If you have a private key you wish to keep safe (I'll call it Key A, which could also be a collection of private keys tarred together into one file to keep safe), create another public/private key pair (Key B).
Securely copy Key B around to multiple computers that you trust. This can be done by creating a temporary public/private key pair (Key C) on the destination computer, transfer the Public Key C to the original computer, encrypt Private Key B with Public Key C, and transfer the encrypted file back to the destination computer where Private Key C can decrypt it.

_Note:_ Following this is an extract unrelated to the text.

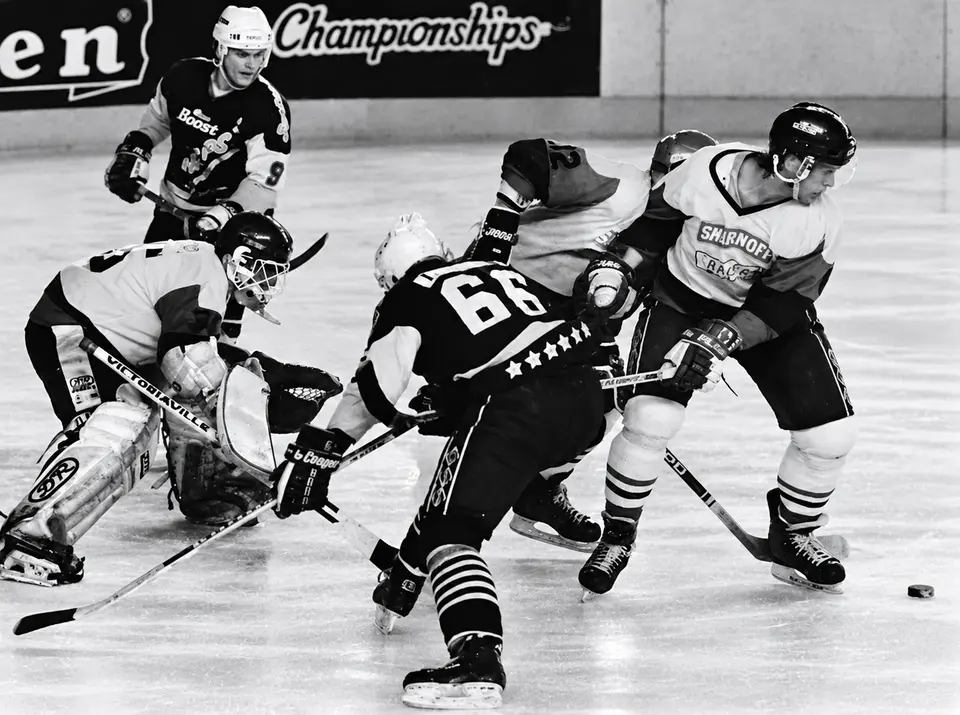 durham-wasps-murrayfield-racers-wembley-1991-semi-final.png Durham Wasps and Murrayfield Racers players battle for the puck near the goal during their 1991 Wembley Heineken Championship semi-final.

With Private Key B on several machines you trust, encrypt Private Key A with Public Key B, and place that file in secure storage (could be on a location you don't trust, like Dropbox).

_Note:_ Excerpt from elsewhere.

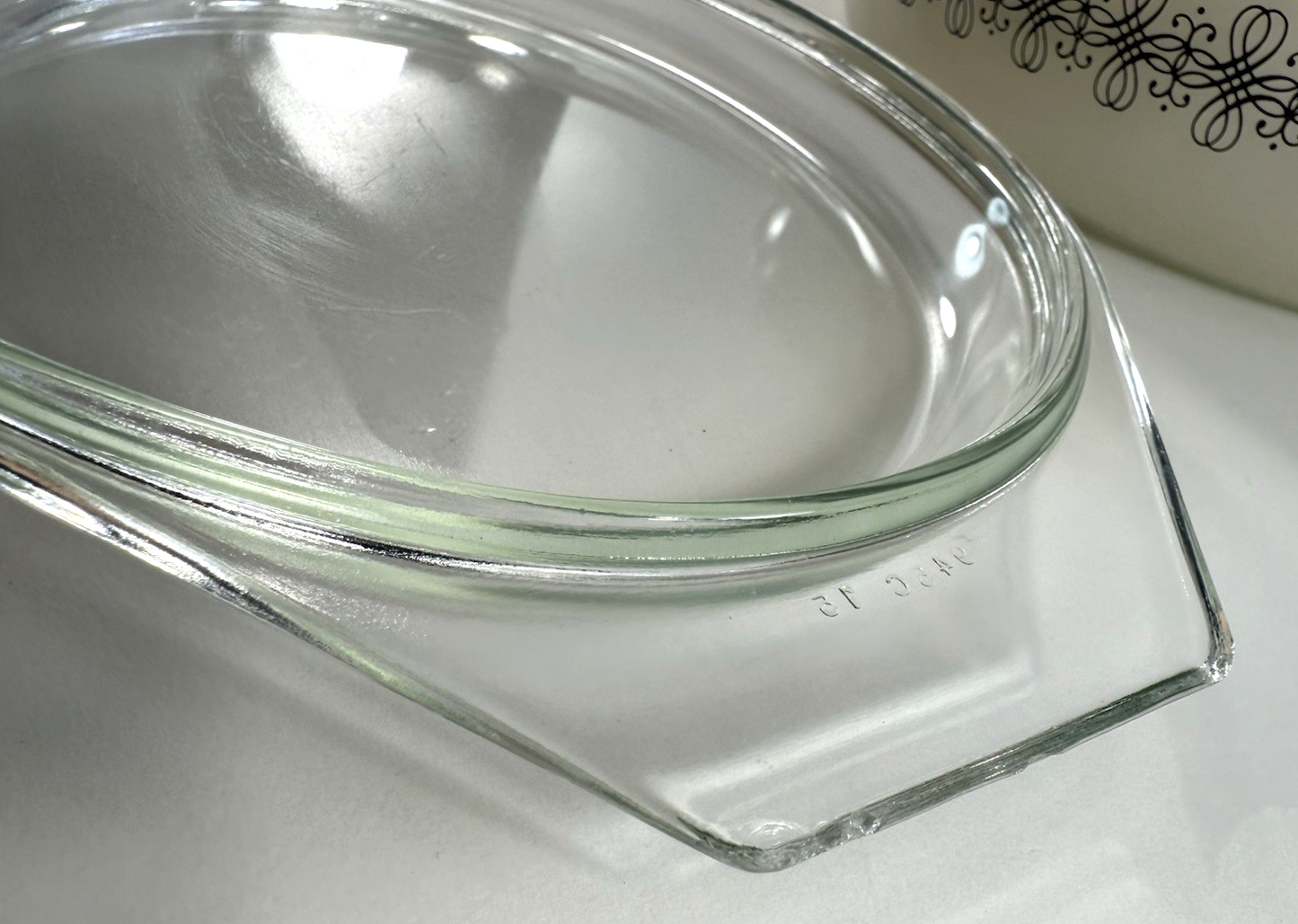 Vintage 1965 Pyrex Empire Scroll 045 Casserole Dish with Lid (2-1/2 Qt)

So, then if ever Key A gets lost/corrupted on your local workstation, it's an easy/quick restore to grab the Key-B-encrypted-Key-A file from Dropbox and decrypt it to restore.

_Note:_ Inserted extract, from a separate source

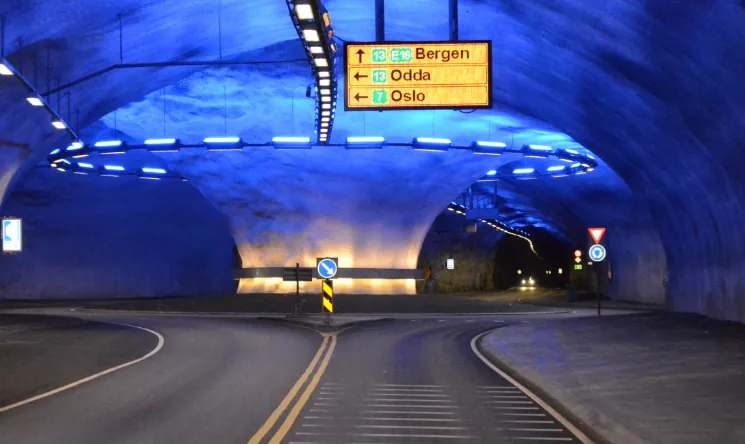 Rond-point à l’intérieur d’un tunnel routier norvégien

If Key B gets lost/corrupted, you still have Key A, so you could just create a new Key D to replace Key B and do the setup again, or go grab a copy of Key B off one of the other computers you trust you made copies of it on.
If your whole computer is lost (you lose Key A and Key B at the same time), you will need to go to one of the other computers with Key B on it and grab the Key-B-encrypted-Key-A file from Dropbox and decrypt it to restore Key A.
So, this plan allows Key A to be kept safe using traditional backup options copying the file to many (possibly untrusted) locations, which opens up offsite, offshore, and off-planet options. It also means Key A can be restored quickly if need be, as the Key-B-encrypted-Key-A file can be passed around untrusted, so can be attached to emails or whatnot.
It keeps Key B safe by being on multiple trusted locations. This being ServerFault and not SuperUser, we're likely talking in a corporate setting, so hopefully the corporation has local servers and co-located servers they trust that can host such things. In addition to live, running servers, copies of Key B can be put on offline storage (tape backups, archival CD, etc.) in a bank vault or similar. Restoring Key B then becomes a slower process as you may have to visit the bank vault to go get a copy, and you should be checking those offline backups periodically, so you can catch the situation like the original post where the CD went bad.